Bitter Michigan cold, but the snow is pretty in the morning when the world is still and it’s just me and the crows and whatever follows a tired body from sleepless nights and fragmented dreams into the day. I’m amazed with what winter does to fingers, cheeks, the soles of my boots, as I take one careful step after another and convince myself that what I’m doing is good, Godly and true.
Walking to work.
Not writing, but making ends meet just enough so they overlap so that S.B., Oogie, and Little Man don’t ever need to worry about having bread or bananas, meat or cheese, apple juice, candy, and Count Chocula. They’ll always have socks, mittens, shirts, shoes, and jeans. And once a month we can eat at restaurant, or go to the movies, or go bowling.

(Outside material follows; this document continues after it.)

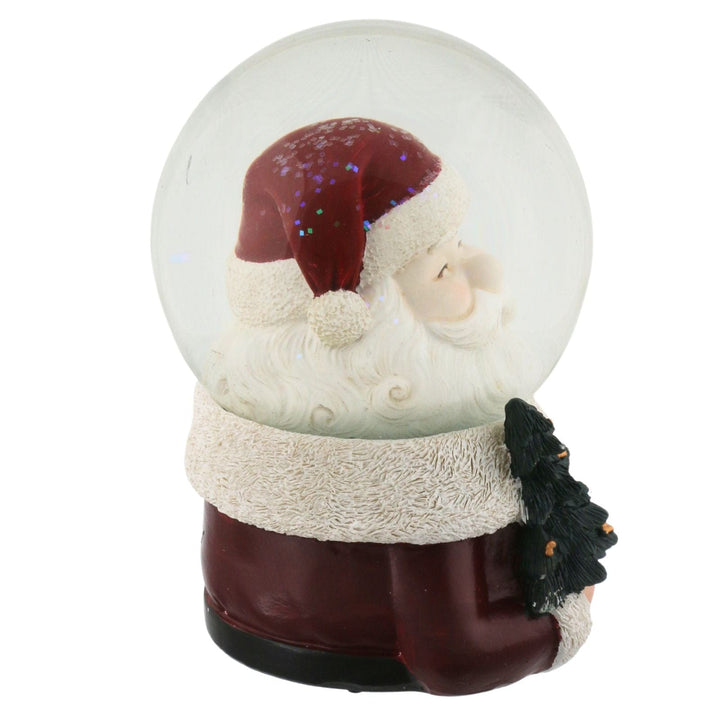 side view of snow globe with a Santa Claus figure inside on a white background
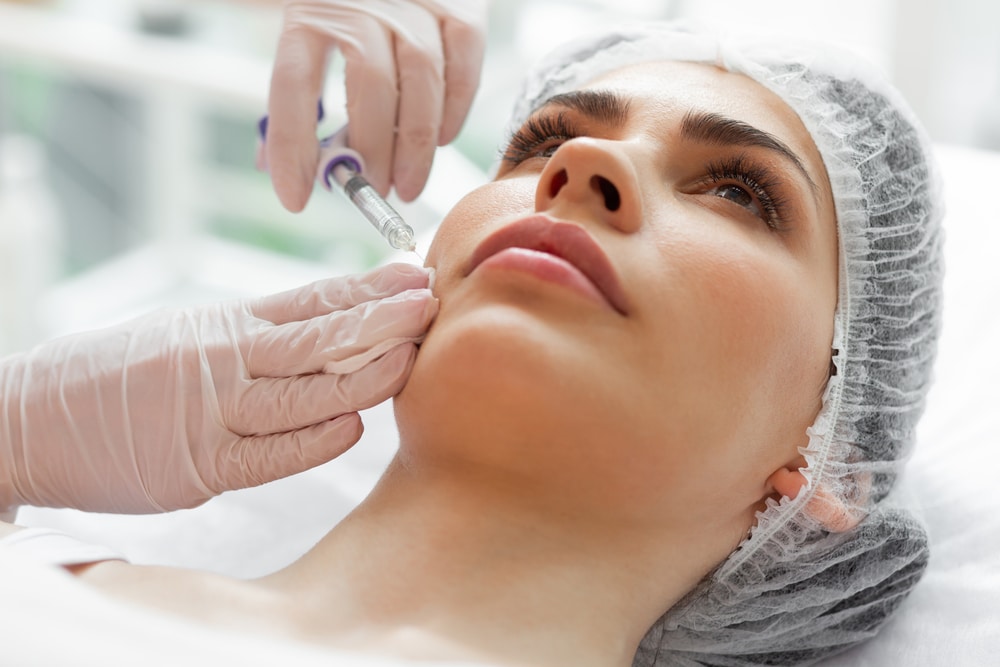 Face of a nice adult woman during Xeomin injection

After I know that bills have been paid, the Toyota’s tank has been topped off, insurance premiums are up to date, and S.B. can buy a shirt, or makeup, or art supplies, or something she may want or need—though she hardly ever indulges in frivolous things—I make my trip to Neiman’s Family Market, or Jimmy Garant’s, or The Cracker Barrel for a fifth or half-gallon of vodka so on a night like this, eight degrees above zero under a starry sky, I can sit inside, put my fingers to the keys, sip and slowly unwind from another day I’ve loved and that’s somehow made me animally happy, even though there is nothing I can do to escape the disappearance of our time, the futility of these roles, and this bitter Michigan cold.